More than two million people were under a tropical storm warning along the Texas Gulf Coast in the early hours of Thursday as Tropical Storm Alberto, the first named storm of the Atlantic hurricane season, neared the coast of Mexico, bringing intense rain and storm surges.

The expansive storm system brought widespread coastal flooding in southern Texas on Wednesday, well before the storm was expected to make landfall. Officials in Mexico said they were cleaning drainage points to prevent flooding, and monitoring the levels of dams, rivers and streams.

At least three people were killed in storm-related events in the state of Nuevo León in Mexico, according to local media reports. One teenager was trapped by currents in a river and drowned, and two other minors were electrocuted crossing a pond that was in contact with a live cable, the El Universal newspaper reported, citing local emergency authorities.

In Texas, tides surged beneath elevated houses in some coastal cities, including Surfside Beach, about 40 miles south of Galveston, starting on Wednesday morning.
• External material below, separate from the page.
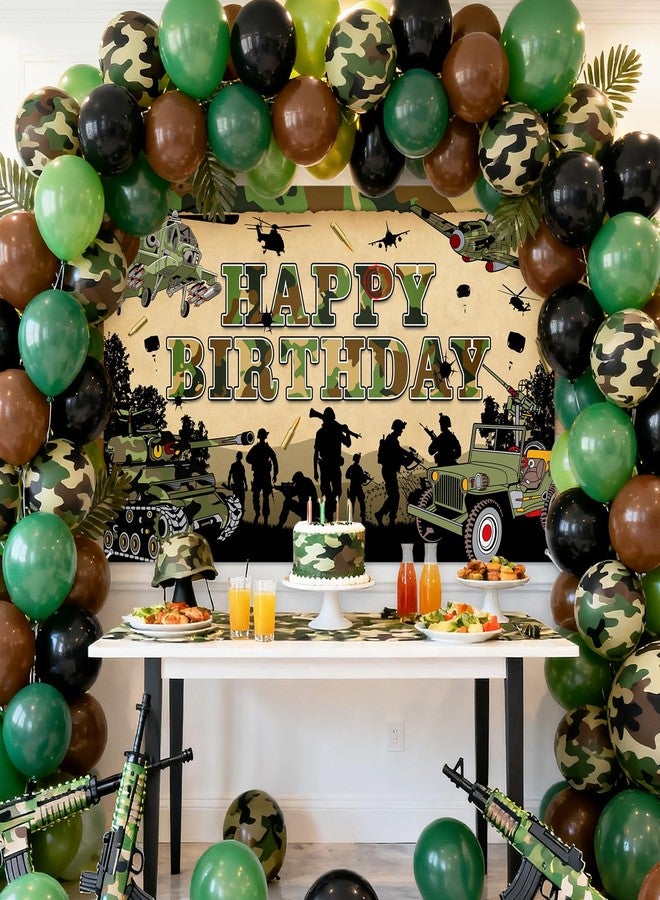 Avezano Camo Birthday Party Backdrop Banner 6 x 3.6 ft Military Birthday Party Decorations Army Camouflage Photo Background for Children Soldier - Image 3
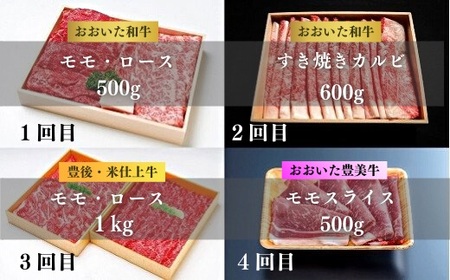 LD-01 牛すき 定期便 全4回 モモ ロース ブリスケ 食べ比べ スライス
The city closed its beach earlier this week and warned visitors to stay away as the flooding worsened.

The National Hurricane Center warned that Alberto was a large storm, with tropical-force winds extending about 415 miles north of its center in the Gulf of Mexico as it moved west toward northeastern Mexico. The storm had maximum sustained winds of 50 miles per hour on Wednesday night, but the main concern was rainfall of a foot or more that was predicted for parts of Texas and Mexico.

Forecasters predicted that Alberto could make landfall early Thursday near the Mexican city of Tampico, but its effects were expected to extend far beyond that. As of Wednesday night, a 700-mile stretch of coast from San Luis Pass near Galveston to Tecolutla in Veracruz, Mexico, was under a tropical storm warning, according to the National Hurricane Center.